In August, I’ll be traveling to 11 countries in 11 months to do humanitarian work with local communities through a program called the World Race. When I first realized I would have to raise $18,000 in just a few months (by myself!), you could say I quickly jumped into “PR mode.” 

Utilizing my PR experience, I surpassed my $5,000 benchmark in just 40 days.  Here are a few key lessons I’ve learned in the process of spearheading a fundraiser that feels nearly impossible to tackle.

1. Establish a list of names    

This may seem simple and straightforward, but surprisingly enough, many people jump straight into a campaign without keeping a target audience in mind. Categorize your list into different groups of people:  individuals, organizations, friends with connections to businesses, and any other group that seems relevant. Once you have a list of contacts, you can begin to create a campaign that is geared to resonate with each of those categories.

2. Don’t just ask for money

Many times, people consider it a waste of time talking with those who likely cannot contribute financially to your cause. But overlooking this group can be detrimental to your fundraiser. Set up meetings, even if you are sure the individual or group won’t donate. Chances are they are willing to spread the word to close connections or may even offer another resource that you haven’t considered before. Don’t make money the end goal of every meeting, but rather be open-minded to where it could lead instead.

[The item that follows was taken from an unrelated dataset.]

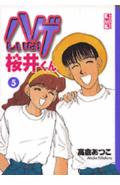 第5巻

3. Create a kick-ass sponsorship package

It’s important to put time and effort into creating a solid sponsorship packet before you go setting up meetings without anything concrete to present. Too many sponsorships have been set up to have donors give money without a follow up on how their money made a difference. Be mindful to create sponsorships that give them timely updates on how their money is being used.

4. Give them a deadline

You could leave a meeting super confident that you just turned a potential donor into a sponsor, but busy work schedules often leave fundraiser sponsorships floating in someone's to-do box. Creating a sense of urgency and giving a final deadline will likely put your fundraiser on someone’s calendar and keep it at the forefront of their mind.